Schönbrunn Palace, elegant former summer residence of the imperial family, is one of Austria's premier tourist spots. The entire grounds can be seen from the Gloriette, on a hill overlooking the site. Tour the ornately decorated palace or visit the carriage museum and the palace theater. Stroll though the Baroque gardens and walkways and see the fountains, the faux Roman ruins, the zoo and tropical greenhouse.
The Spanish Riding School is world-renowned for its famed Lipizzaner horses. Baroque music accompanies their demonstration of the equestrian art of "haute ecole" dressage in a setting that is more ballroom than stable. Indeed, the riders are formally attired for an elegant gamut of movements that emphasize precision and lightness. Please check their website for a performance schedule.
This interesting example of low-income housing uses a mixture of architectural elements and materials. Glass, brick, ceramic and color are used to both individualize and to unify the exterior of each of the 50 apartments and the building as a whole. Sloping terraces and hanging gardens provide additional visual appeal. It's a decidedly distinctive creation by the eccentric Austrian artist Friedensreich Hundertwasser.
Architect Adolf Loos disliked excessive ornamentation and the exteriors of his buildings were designed quite simply. This early 20th-century building utilizes clean lines and offers a stylish interior.
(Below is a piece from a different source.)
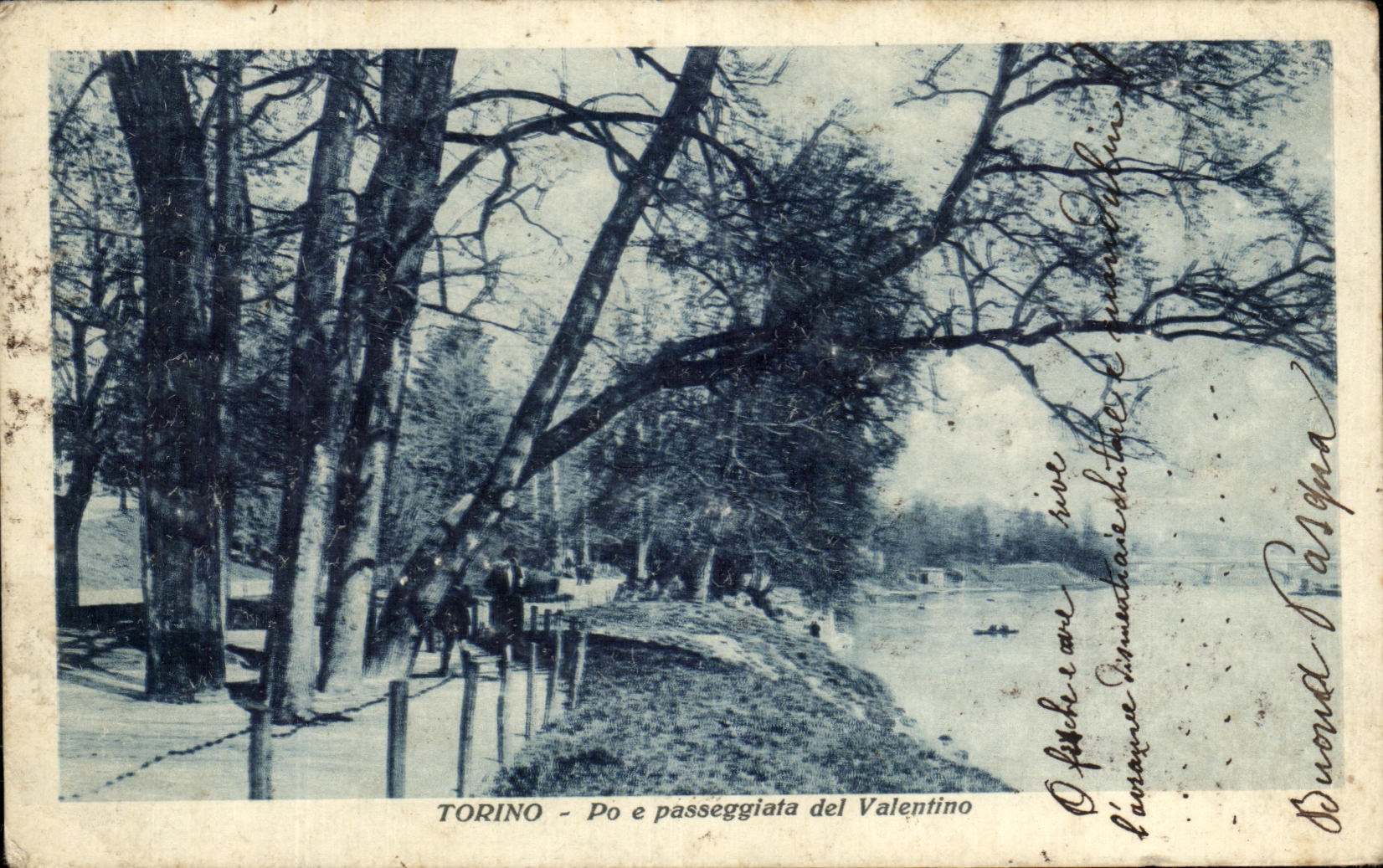 CPA Torino Po E Passeggiata Del Valentino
Although today the building's appearance seems unremarkable, the austere structure was considered scandalous during its time, which was more accustomed to ornate and lavish detail.
The Imperial Apartments are a long succession of rooms located on a first floor wing in the Hofburg palace, and include those occupied by Emperor Franz Joseph and Empress Elisabeth. The sacred and secular treasures collected over the centuries by the Habsburg family are displayed in 21 of the rooms and include a 10th-century crown, court tableware crafted in the finest gold, silver and porcelain, and portraits of the royals.
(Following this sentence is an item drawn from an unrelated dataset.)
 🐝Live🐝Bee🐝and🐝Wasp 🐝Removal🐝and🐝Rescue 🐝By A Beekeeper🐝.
Wagner designed these two Jugendstil buildings at the end of the 19th century. They typify the style, which reacted against the centuries-long ornate traditions of the Habsburg regime. The façades are decorated in colorful floral designs, molded sills and golden stucco. The House of Medallions (#38) is divided into two horizontal sections, one commercial and the other residential. Although not open to tour, they are still worth a look from the outside.
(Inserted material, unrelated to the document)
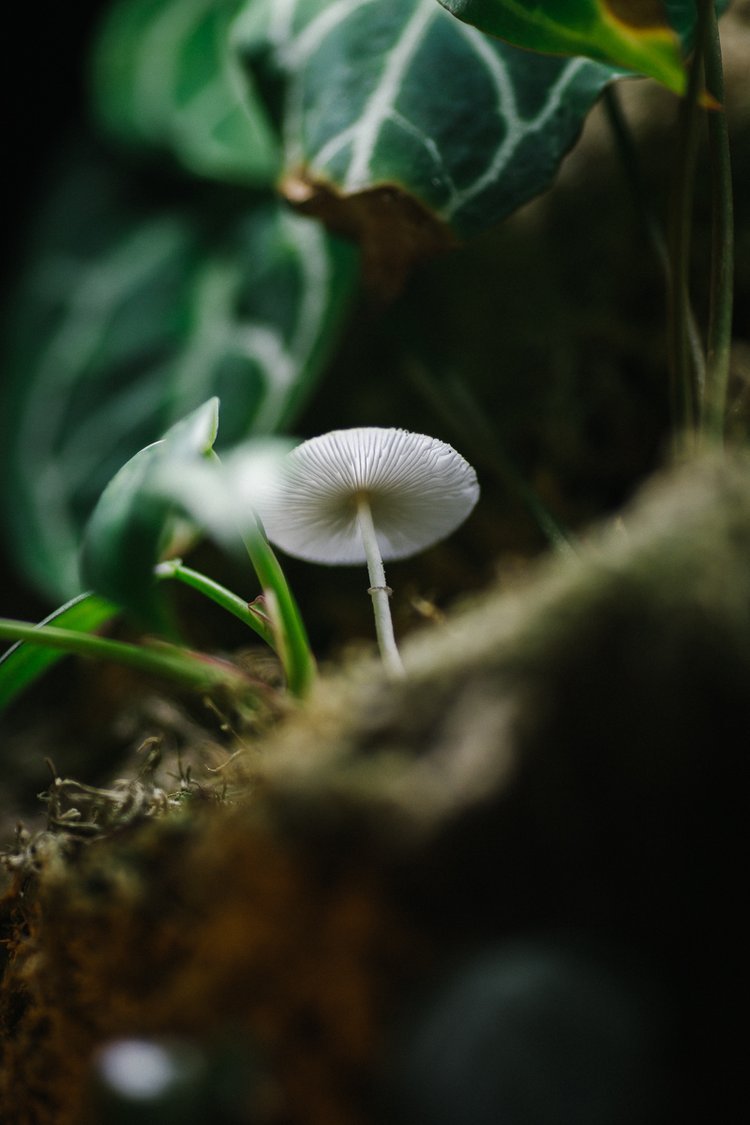 Jamie-Takes-Photos-Soil-Ninja-Mushroom.jpeg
The Vienna State Opera House is central to Viennese life and was a symbol of resurgence following World War II. The post-war reconstruction features a neo-Renaissance façade and auditorium, and a stage built with state-of-the-art technology. Highlights include the marble grand staircase and the Tea Salon, as well as tapestries and paintings that depict scenes from famous operas and sculptures of famous composers and conductors.
*Currently closed for renovations. Visit the Moving Freud Museum instead at Berggasse 13 and Liechtensteinstrasse 19.* Sigmund Freud lived and treated patients at this address from 1891 to 1938, when he left for London to flee from the Nazis. The museum occupies the apartment and includes many of the antiques the psychoanalyst collected during his lifetime, including all of the waiting room furniture. Glass cases containing letters, books, detailed notes and photographs are supplemented with an audio-visual documentary about his family life narrated by his daughter, Anna, who was also a psychoanalyst.